AGE-CGAN High — Young → Senior (Balanced, Mid+)
- 256px / ResNet-6 + Self-Attention / Multi-Scale SN PatchGAN
- Hinge GAN + (옵션) R1 GP, Feature Matching, Identity, Cycle, Perceptual(VGG19 ON)
- DiffAug(색/이동) 옵션, Replay Buffer, EMA
- Epoch=40, steps/epoch ≤ 400 (가볍진 않지만 과하지 않게 상향)

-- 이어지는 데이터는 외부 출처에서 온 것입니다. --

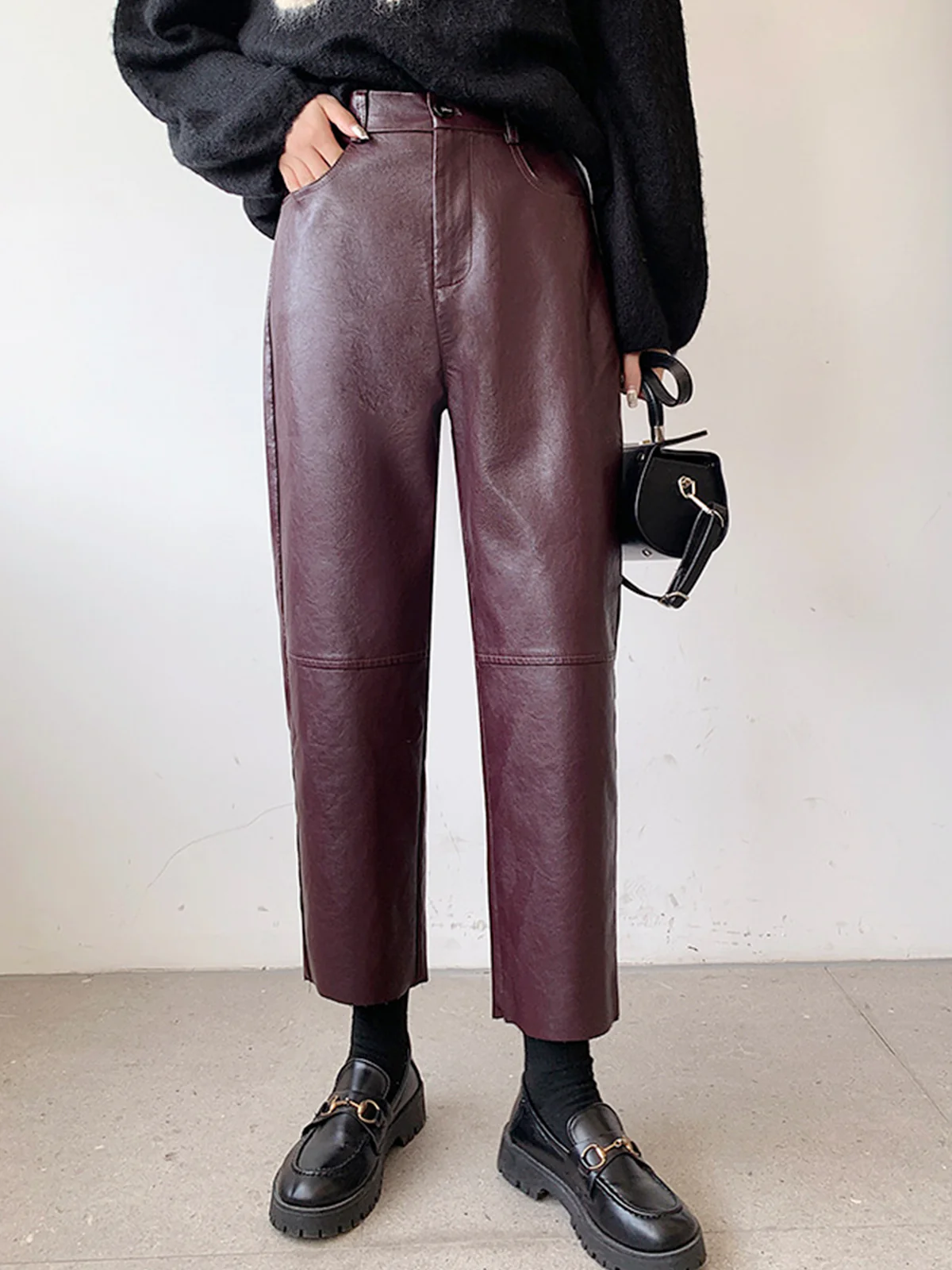 Faux Leather Cropped Pants - Takermore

사용법은 기존과 동일. 성능/VRAM 맞춰 하이퍼만 조절하세요.
"""

import os, random, time, copy
from pathlib import Path
from PIL import Image
import numpy as np
import torch, torch.nn as nn, torch.nn.functional as F
from torch.utils.data import Dataset, DataLoader
import torchvision.transforms as T
import torchvision.transforms.functional as TF
import torchvision.utils as vutils
from torch.nn.utils import spectral_norm as SN
from tqdm.auto import tqdm

# ===== 기본 설정 =====
def set_seed(seed=42):
    random.seed(seed); np.random.seed(seed)
    torch.manual_seed(seed); torch.cuda.manual_seed_all(seed)
set_seed(42)

torch.backends.cudnn.benchmark = True
torch.backends.cuda.matmul.allow_tf32 = True
torch.backends.cudnn.allow_tf32 = True

DEVICE  = torch.device("cuda" if torch.cuda.is_available() else "cpu")
USE_AMP = torch.cuda.is_available()
print("DEVICE:", DEVICE, "| AMP:", USE_AMP)

DATA_DIR   = Path("data")
YOUNG_DIR  = DATA_DIR/"Young"
SENIOR_DIR = DATA_DIR/"Senior"

OUT_DIR    = Path("outputs_high"); OUT_DIR.mkdir(parents=True, exist_ok=True)
CKPT_DIR   = OUT_DIR/"ckpt"; CKPT_DIR.mkdir(parents=True, exist_ok=True)
SAMPLE_DIR = OUT_DIR/"samples"; SAMPLE_DIR.mkdir(parents=True, exist_ok=True)

# ===== 하이퍼(상향 세팅) =====
IMG_SIZE   = 256
BATCH_SIZE = 4              # 256px + 멀티스케일 → VRAM 고려 (여유면 6~8)
EPOCHS     = 40
MAX_STEPS_PER_EPOCH = 400   # None이면 전체
LR       = 2e-4
BETAS    = (0.5, 0.999)
DECAY_FROM = 25             # 이후 선형 감쇠

GEN_BLOCKS = 6              # 4→6 (조금 더 표현력)
NGF = 64; NDF = 64          # 48→64
LAMBDA_CYC = 10.0
LAMBDA_IDT = 3.0
USE_PERCEPTUAL = True
LAMBDA_PER = 0.2
LAMBDA_FM  = 10.0           # Feature Matching 강도

USE_DIFFAUG = True          # 간단한 색/이동 DiffAug
USE_R1 = True               # Hinge + R1(옵션)
R1_LAMBDA = 10.0
R1_INTERVAL = 16            # N 스텝마다 R1

REPLAY_POOL_SIZE = 50
EMA_DECAY = 0.998

SAVE_EVERY_EPOCHS = 2
LOG_EVERY_STEPS   = 50

# ===== 유틸 =====
def denorm(t):  # [-1,1]→[0,1]
    return (t*0.5 + 0.5).clamp(0,1)

def is_img(p: Path):
    return p.suffix.lower() in (".jpg",".jpeg",".png",".bmp",".webp")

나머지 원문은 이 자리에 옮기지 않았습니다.